Victime d’une usurpation d’identité, le fisc lui réclame une somme hallucinante, un cauchemar !

Cet habitant des Pyrénées-Atlantiques vit un cauchemar depuis 2017. Plus de 10 000 véhicules sont achetés en son nom et sont impliqués dans du trafic de stupéfiants, des kidnappings et des accidents. Victime d'une usurpation d'identité, le fisc lui réclame 20 millions d'euros, une somme qu'il ne veut logiquement pas avoir à rembourser.

© Markus Spiske / Unsplash

Une histoire digne d’un film hollywoodien 

C’est un gros réseau de malfaiteurs qui ont trouvé la cible parfaite, un français qui vit dans les Pyrénées-Atlantiques et qui, en 2016, a ouvert un simple garage. Mais un mois seulement après l’ouverture de sa société, il reçoit plusieurs contraventions pour des véhicules qui ne lui appartiennent pas. Il porte tout de suite plainte, mais en deux ans seulement, ce sont plus de 10 000 véhicules qui ont été achetés… en son nom. Ces voitures ne se contentent pas de circuler partout en France ou à l’étranger. On les retrouve dans des affaires de trafic de drogues, mais également dans des situations bien plus sordides comme des kidnappings. Plusieurs d’entre elles ont également été accidentées

Ainsi, le propriétaire du garage a fini par être placé en garde à vue. Mais ce n’est pas tout : le fisc lui réclame 20 millions d’euros, comme le rapporte Sud-Ouest. Face à une situation cauchemardesque qu’il tente de régler sans y parvenir, il décide de médiatiser son histoire. Il connaît la force d’internet et espère que son histoire sera entendue. Avec succès puisqu’il passe dans l’émission radio et télé de Julien Courbet, Ça peut vous arriver, le 18 mars dernier. Grâce à l’émission, la défenseur des droits a été saisi. 

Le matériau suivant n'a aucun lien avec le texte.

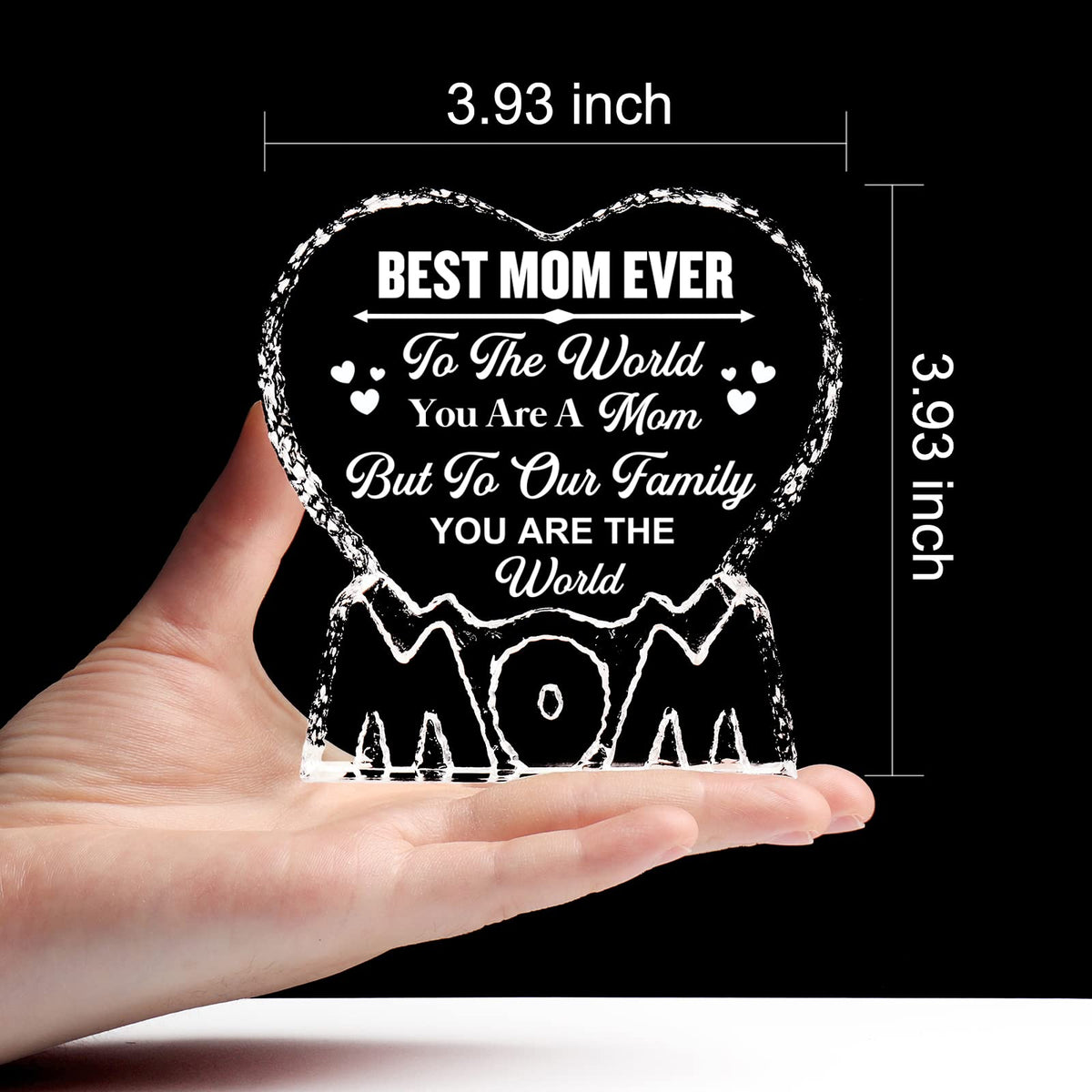 ZHSHWAT Valentines anniversary crystal present symbolizes enduring love.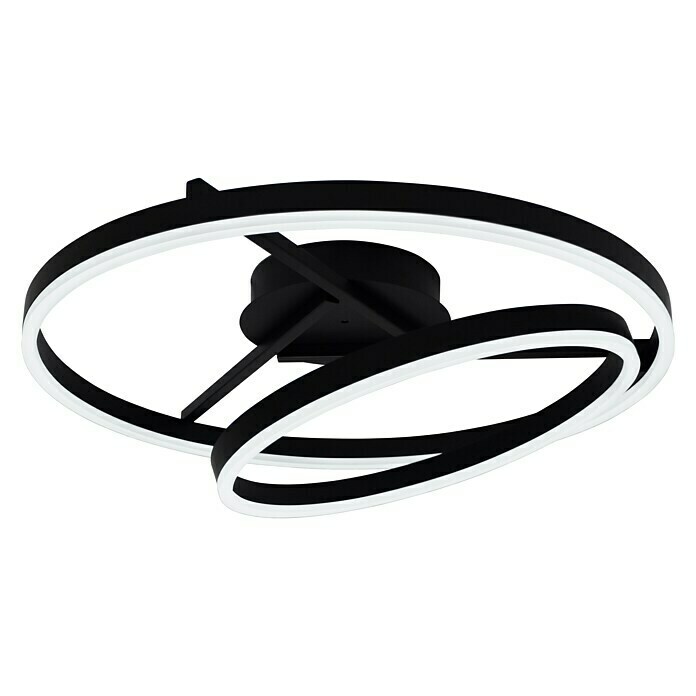 Tween Light LED-Deckenleuchte rund Two Rings (40 W, Ø x H: 600 mm x 23 cm, Schwarz) | BAUHAUS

Mais comment les malfaiteurs ont-ils fait pour réussir à usurper son identité ? Sur les ondes de RTL, la victime explique : « C’est des gens qui avaient le tampon de ma société, les Kbis, des pièces d’identité et ils achetaient en mon nom toutes les voitures ».

Les malfaiteurs arrêtés en 2019

Grâce à la plainte de la victime, une enquête est ouverte et le réseau de malfaiteurs est arrêté. On pourrait penser que son calvaire est donc derrière lui. Mais non : « Toutes les voitures qui sont encore en circulation continuent de faire des infractions, mais sont enregistrées au nom du garage, on était sur 20 millions d’euros« . Aujourd’hui, ce sont pas moins cinq millions de véhicules à son nom qui sont encore en circulation partout dans le monde.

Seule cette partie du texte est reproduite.